Moreover, PiT1-deficient mice were protected against high-fat-diet-induced obesity and diabetes57. For the fatty acid metabolic pathway, a study of ruminants shows they have a unique utilization of phosphate (Pi) based on the so-called endogenous Pi recycling to guarantee adequate Pi supply for ruminal microbial growth and for buffering short-chain fatty acids. Large amounts of Pi enter the gastrointestinal tract by salivary secretion. The high saliva Pi concentrations are generated by active secretion of Pi from the blood into primary saliva via basolateral sodium (Na +)-dependent Pi transporter type II. The subsequent intestinal absorption of Pi is mainly carried out in the jejunum by the apical located secondary active Na + -dependent Pi transporters Napi IIb (SLC34A2) and PiT1 (SLC20A1)58. Moreover, in PiT1-deficient mice, specific knockout of Pit1 in hepatocytes significantly improved glucose tolerance and insulin sensitivity, enhanced insulin signaling, and decreased hepatic lipogenesis57. In another microarray-based gene expression analysis of murine brown and subcutaneous adipose tissue, SLC20A1 screened out as a critical gene was further validated using quantitative RT-PCR that had a relatively low expression in subcutaneous white adipose tissues59. SLC20A1 may be an important gene involved in the occurrence and development of AD.

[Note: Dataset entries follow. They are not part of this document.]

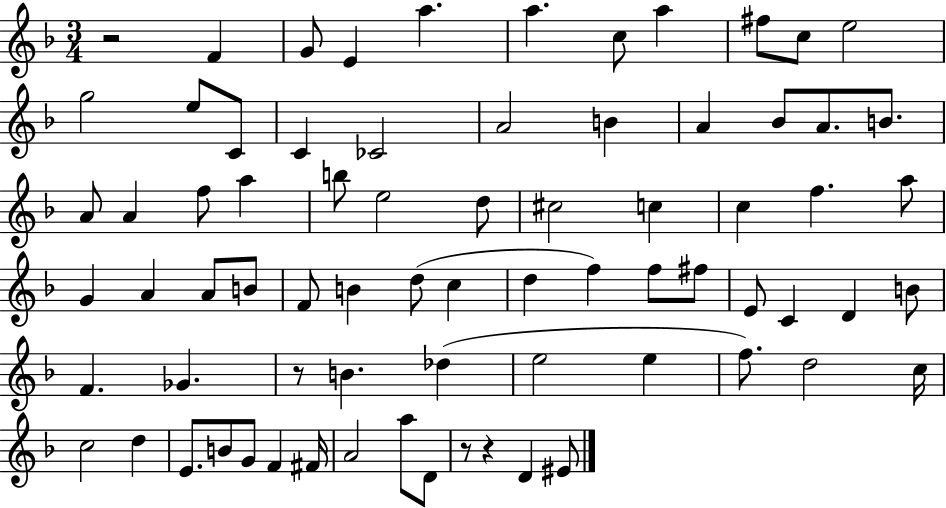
{
  \clef treble
  \numericTimeSignature
  \time 3/4
  \key f \major
  r2 f'4 | g'8 e'4 a''4. | a''4. c''8 a''4 | fis''8 c''8 e''2 | \break g''2 e''8 c'8 | c'4 ces'2 | a'2 b'4 | a'4 bes'8 a'8. b'8. | \break a'8 a'4 f''8 a''4 | b''8 e''2 d''8 | cis''2 c''4 | c''4 f''4. a''8 | \break g'4 a'4 a'8 b'8 | f'8 b'4 d''8( c''4 | d''4 f''4) f''8 fis''8 | e'8 c'4 d'4 b'8 | \break f'4. ges'4. | r8 b'4. des''4( | e''2 e''4 | f''8.) d''2 c''16 | \break c''2 d''4 | e'8. b'8 g'8 f'4 fis'16 | a'2 a''8 d'8 | r8 r4 d'4 eis'8 | \break \bar "|."
} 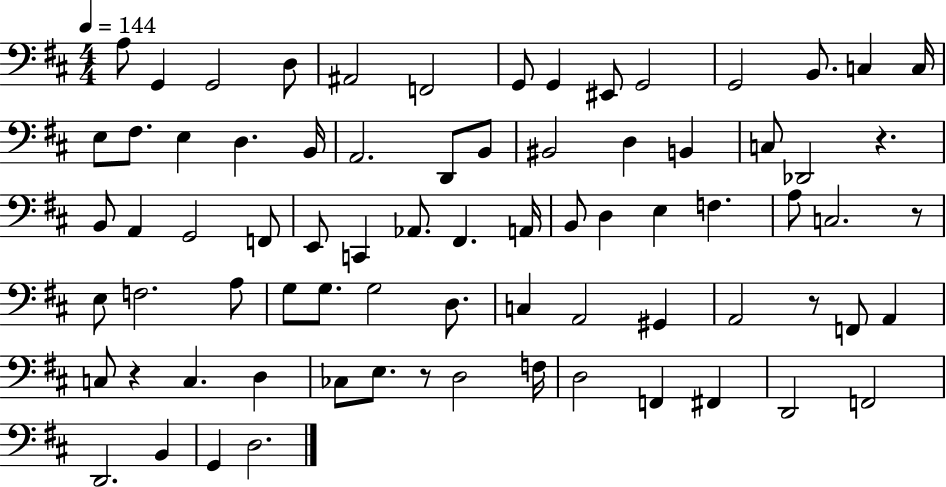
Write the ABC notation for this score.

X:1
T:Untitled
M:4/4
L:1/4
K:D
A,/2 G,, G,,2 D,/2 ^A,,2 F,,2 G,,/2 G,, ^E,,/2 G,,2 G,,2 B,,/2 C, C,/4 E,/2 ^F,/2 E, D, B,,/4 A,,2 D,,/2 B,,/2 ^B,,2 D, B,, C,/2 _D,,2 z B,,/2 A,, G,,2 F,,/2 E,,/2 C,, _A,,/2 ^F,, A,,/4 B,,/2 D, E, F, A,/2 C,2 z/2 E,/2 F,2 A,/2 G,/2 G,/2 G,2 D,/2 C, A,,2 ^G,, A,,2 z/2 F,,/2 A,, C,/2 z C, D, _C,/2 E,/2 z/2 D,2 F,/4 D,2 F,, ^F,, D,,2 F,,2 D,,2 B,, G,, D,2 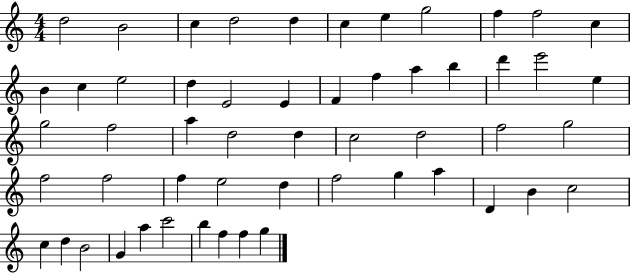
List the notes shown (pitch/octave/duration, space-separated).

D5/h B4/h C5/q D5/h D5/q C5/q E5/q G5/h F5/q F5/h C5/q B4/q C5/q E5/h D5/q E4/h E4/q F4/q F5/q A5/q B5/q D6/q E6/h E5/q G5/h F5/h A5/q D5/h D5/q C5/h D5/h F5/h G5/h F5/h F5/h F5/q E5/h D5/q F5/h G5/q A5/q D4/q B4/q C5/h C5/q D5/q B4/h G4/q A5/q C6/h B5/q F5/q F5/q G5/q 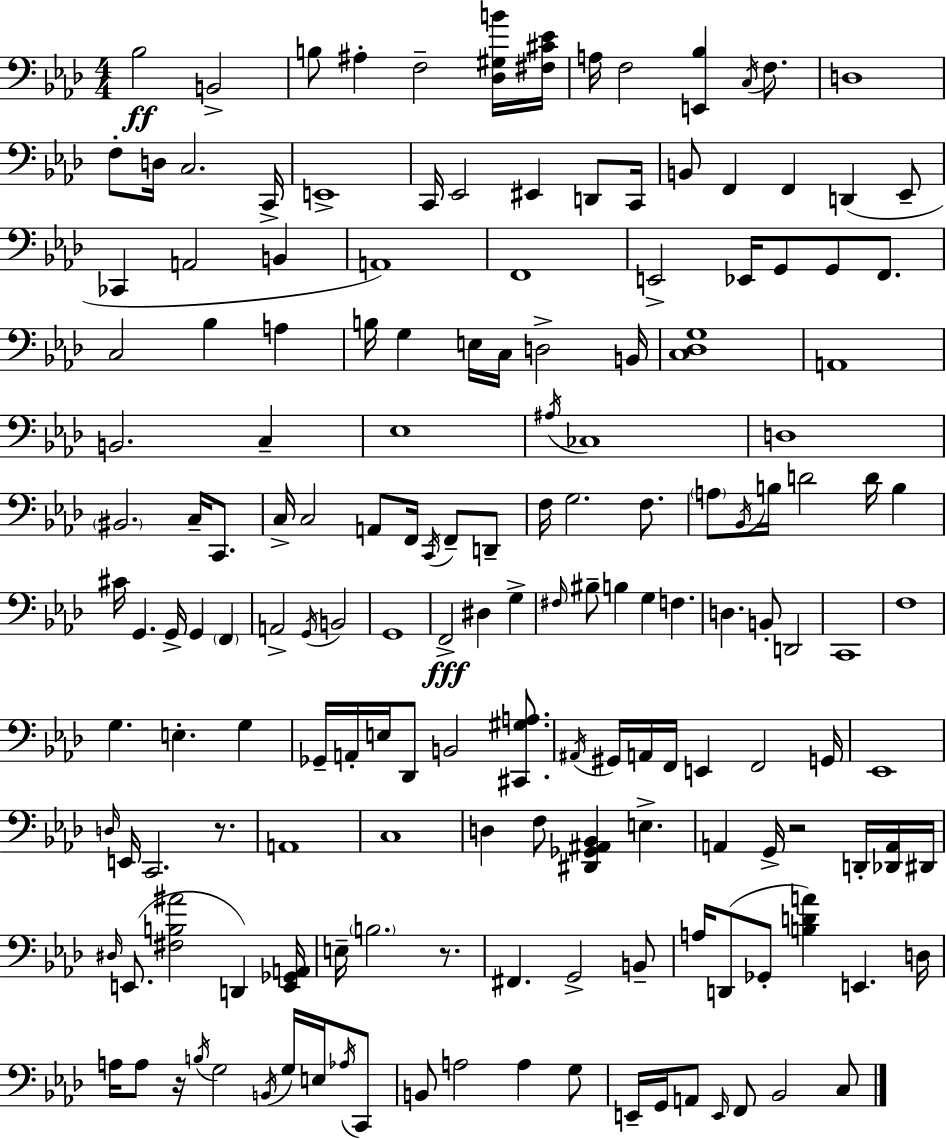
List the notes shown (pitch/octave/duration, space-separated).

Bb3/h B2/h B3/e A#3/q F3/h [Db3,G#3,B4]/s [F#3,C#4,Eb4]/s A3/s F3/h [E2,Bb3]/q C3/s F3/e. D3/w F3/e D3/s C3/h. C2/s E2/w C2/s Eb2/h EIS2/q D2/e C2/s B2/e F2/q F2/q D2/q Eb2/e CES2/q A2/h B2/q A2/w F2/w E2/h Eb2/s G2/e G2/e F2/e. C3/h Bb3/q A3/q B3/s G3/q E3/s C3/s D3/h B2/s [C3,Db3,G3]/w A2/w B2/h. C3/q Eb3/w A#3/s CES3/w D3/w BIS2/h. C3/s C2/e. C3/s C3/h A2/e F2/s C2/s F2/e D2/e F3/s G3/h. F3/e. A3/e Bb2/s B3/s D4/h D4/s B3/q C#4/s G2/q. G2/s G2/q F2/q A2/h G2/s B2/h G2/w F2/h D#3/q G3/q F#3/s BIS3/e B3/q G3/q F3/q. D3/q. B2/e D2/h C2/w F3/w G3/q. E3/q. G3/q Gb2/s A2/s E3/s Db2/e B2/h [C#2,G#3,A3]/e. A#2/s G#2/s A2/s F2/s E2/q F2/h G2/s Eb2/w D3/s E2/s C2/h. R/e. A2/w C3/w D3/q F3/e [D#2,Gb2,A#2,Bb2]/q E3/q. A2/q G2/s R/h D2/s [Db2,A2]/s D#2/s D#3/s E2/e. [F#3,B3,A#4]/h D2/q [E2,Gb2,A2]/s E3/s B3/h. R/e. F#2/q. G2/h B2/e A3/s D2/e Gb2/e [B3,D4,A4]/q E2/q. D3/s A3/s A3/e R/s B3/s G3/h B2/s G3/s E3/s Ab3/s C2/e B2/e A3/h A3/q G3/e E2/s G2/s A2/e E2/s F2/e Bb2/h C3/e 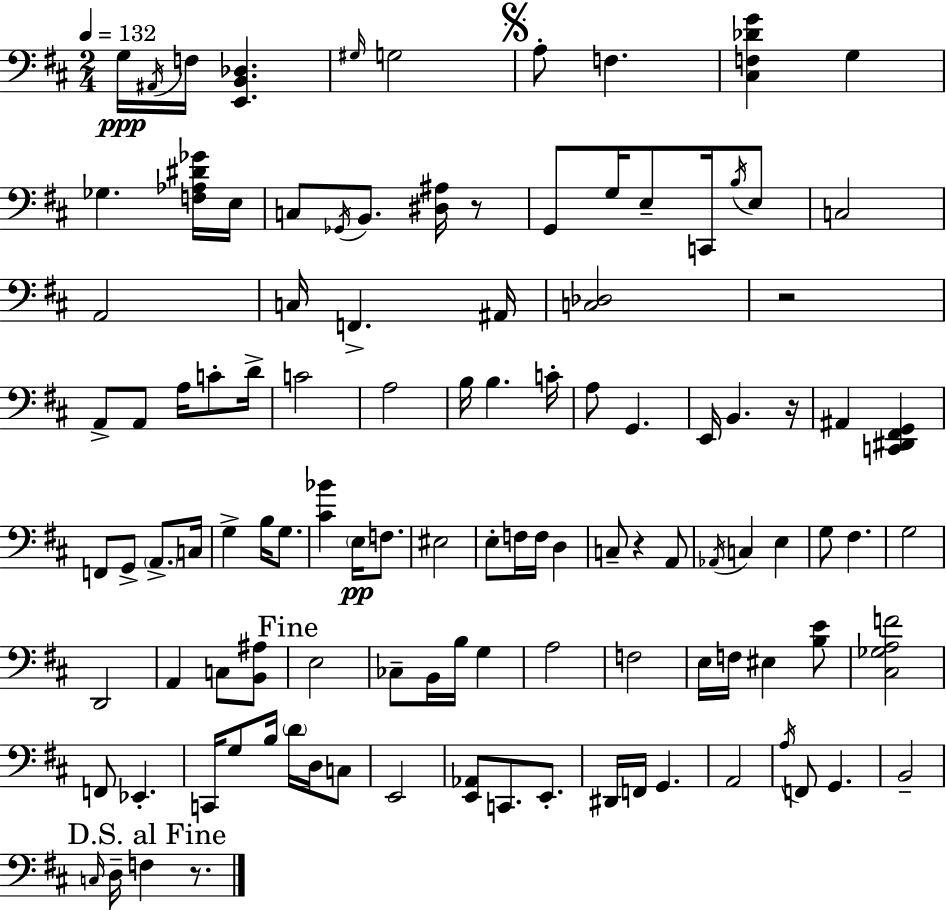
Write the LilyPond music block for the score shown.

{
  \clef bass
  \numericTimeSignature
  \time 2/4
  \key d \major
  \tempo 4 = 132
  g16\ppp \acciaccatura { ais,16 } f16 <e, b, des>4. | \grace { gis16 } g2 | \mark \markup { \musicglyph "scripts.segno" } a8-. f4. | <cis f des' g'>4 g4 | \break ges4. | <f aes dis' ges'>16 e16 c8 \acciaccatura { ges,16 } b,8. | <dis ais>16 r8 g,8 g16 e8-- | c,16 \acciaccatura { b16 } e8 c2 | \break a,2 | c16 f,4.-> | ais,16 <c des>2 | r2 | \break a,8-> a,8 | a16 c'8-. d'16-> c'2 | a2 | b16 b4. | \break c'16-. a8 g,4. | e,16 b,4. | r16 ais,4 | <c, dis, fis, g,>4 f,8 g,8-> | \break \parenthesize a,8.-> c16 g4-> | b16 g8. <cis' bes'>4 | \parenthesize e16\pp f8. eis2 | e8-. f16 f16 | \break d4 c8-- r4 | a,8 \acciaccatura { aes,16 } c4 | e4 g8 fis4. | g2 | \break d,2 | a,4 | c8 <b, ais>8 \mark "Fine" e2 | ces8-- b,16 | \break b16 g4 a2 | f2 | e16 f16 eis4 | <b e'>8 <cis ges a f'>2 | \break f,8 ees,4.-. | c,16 g8 | b16 \parenthesize d'16 d16 c8 e,2 | <e, aes,>8 c,8. | \break e,8.-. dis,16 f,16 g,4. | a,2 | \acciaccatura { a16 } f,8 | g,4. b,2-- | \break \mark "D.S. al Fine" \grace { c16 } d16-- | f4 r8. \bar "|."
} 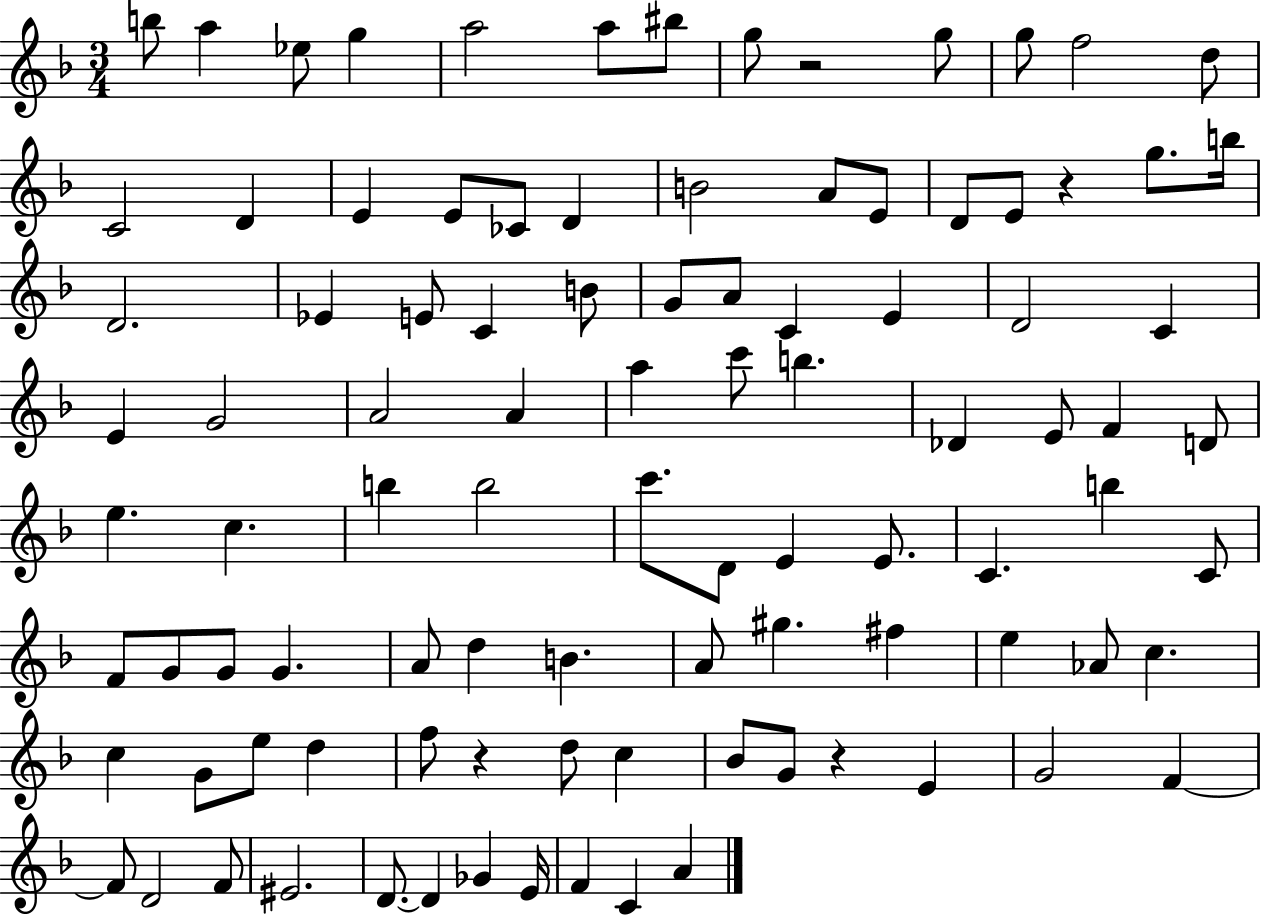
X:1
T:Untitled
M:3/4
L:1/4
K:F
b/2 a _e/2 g a2 a/2 ^b/2 g/2 z2 g/2 g/2 f2 d/2 C2 D E E/2 _C/2 D B2 A/2 E/2 D/2 E/2 z g/2 b/4 D2 _E E/2 C B/2 G/2 A/2 C E D2 C E G2 A2 A a c'/2 b _D E/2 F D/2 e c b b2 c'/2 D/2 E E/2 C b C/2 F/2 G/2 G/2 G A/2 d B A/2 ^g ^f e _A/2 c c G/2 e/2 d f/2 z d/2 c _B/2 G/2 z E G2 F F/2 D2 F/2 ^E2 D/2 D _G E/4 F C A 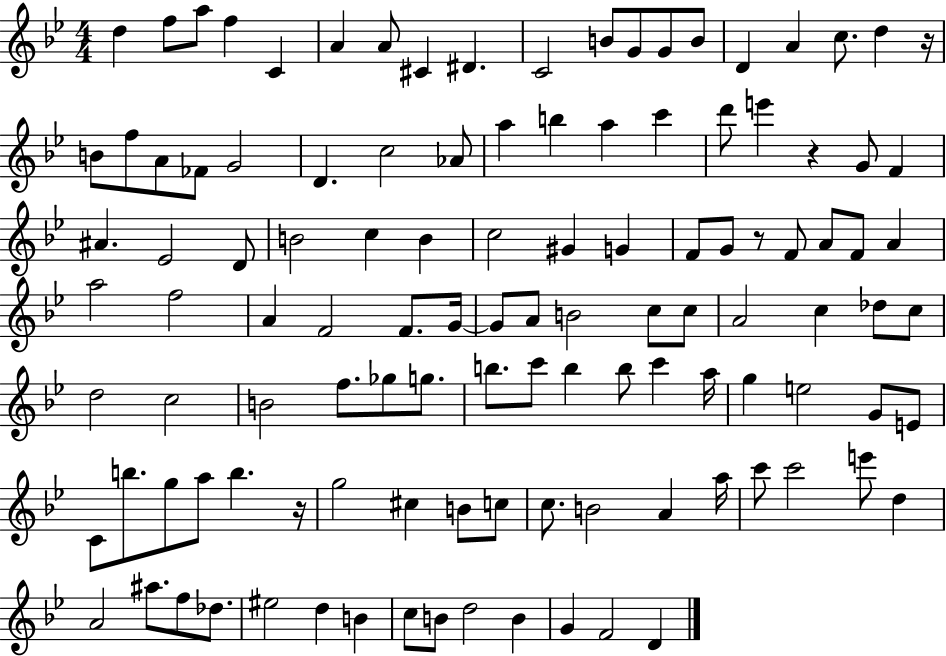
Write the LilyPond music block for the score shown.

{
  \clef treble
  \numericTimeSignature
  \time 4/4
  \key bes \major
  \repeat volta 2 { d''4 f''8 a''8 f''4 c'4 | a'4 a'8 cis'4 dis'4. | c'2 b'8 g'8 g'8 b'8 | d'4 a'4 c''8. d''4 r16 | \break b'8 f''8 a'8 fes'8 g'2 | d'4. c''2 aes'8 | a''4 b''4 a''4 c'''4 | d'''8 e'''4 r4 g'8 f'4 | \break ais'4. ees'2 d'8 | b'2 c''4 b'4 | c''2 gis'4 g'4 | f'8 g'8 r8 f'8 a'8 f'8 a'4 | \break a''2 f''2 | a'4 f'2 f'8. g'16~~ | g'8 a'8 b'2 c''8 c''8 | a'2 c''4 des''8 c''8 | \break d''2 c''2 | b'2 f''8. ges''8 g''8. | b''8. c'''8 b''4 b''8 c'''4 a''16 | g''4 e''2 g'8 e'8 | \break c'8 b''8. g''8 a''8 b''4. r16 | g''2 cis''4 b'8 c''8 | c''8. b'2 a'4 a''16 | c'''8 c'''2 e'''8 d''4 | \break a'2 ais''8. f''8 des''8. | eis''2 d''4 b'4 | c''8 b'8 d''2 b'4 | g'4 f'2 d'4 | \break } \bar "|."
} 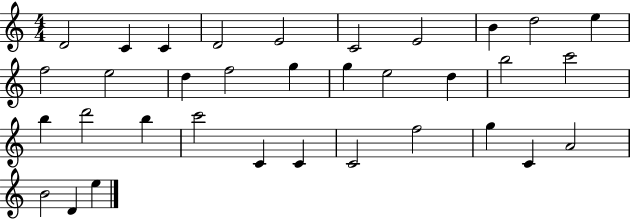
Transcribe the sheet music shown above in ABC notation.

X:1
T:Untitled
M:4/4
L:1/4
K:C
D2 C C D2 E2 C2 E2 B d2 e f2 e2 d f2 g g e2 d b2 c'2 b d'2 b c'2 C C C2 f2 g C A2 B2 D e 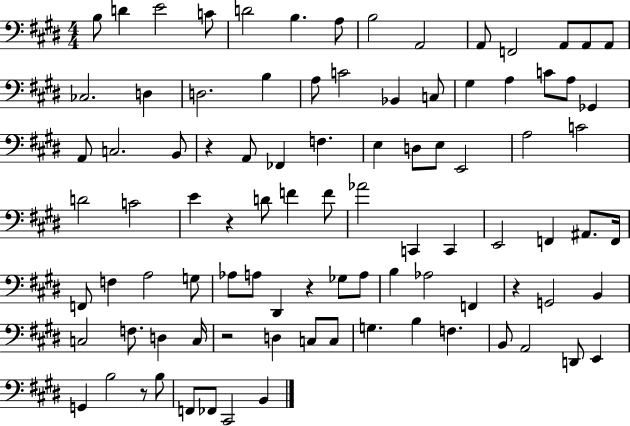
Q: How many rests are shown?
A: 6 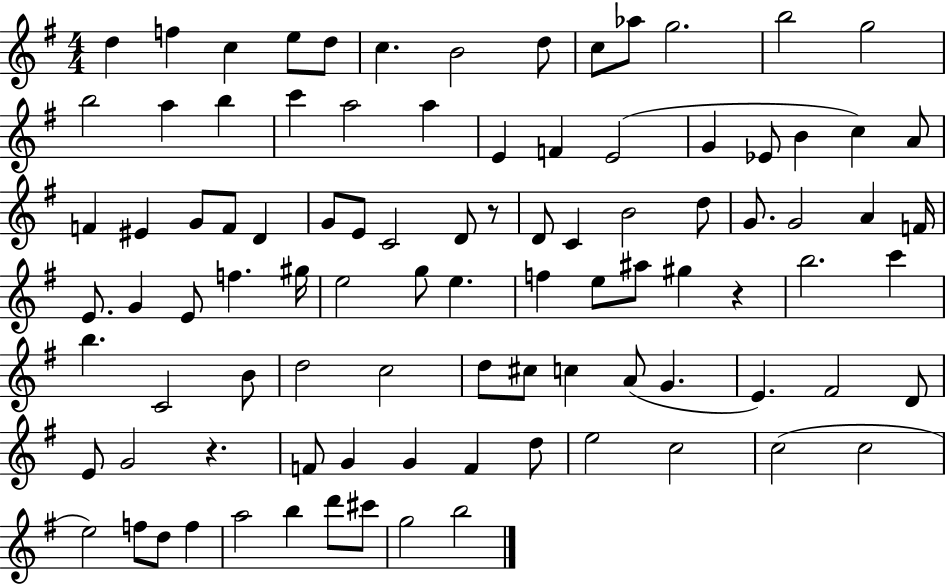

Our study had several limitations. First, although we pooled five AD datasets, the samples remained few, and the value of the diagnostic model was relatively high due to the limited sample size. The results should be subsequently confirmed in a more large-scale study with a large sample size and laboratory experiments. Second, several hub genes are mainly expressed in SMCs and endothelial cells, which have a special relationship with fatty acid metabolism. However, crosstalk in these genes, the interaction between them and dysregulated cells, and pathways were still worth investigating.

Conclusion

Our study systematically discovered nine candidate hub genes (MAD2L2, IMP4, PRPF4, CHSY1, SLC20A1, SLC9A1, TIPRL, DPYD, and MAPKAPK2) and provided the diagnostic model for diagnosing AD with MS by various bioinformatics analysis and machine learning algorithms. We also point out the dysregulated immune cell proportion and metabolism-associated pathways in AD with MS. Our study could provide potential new insights for the further study of the molecular mechanism of AD with MS.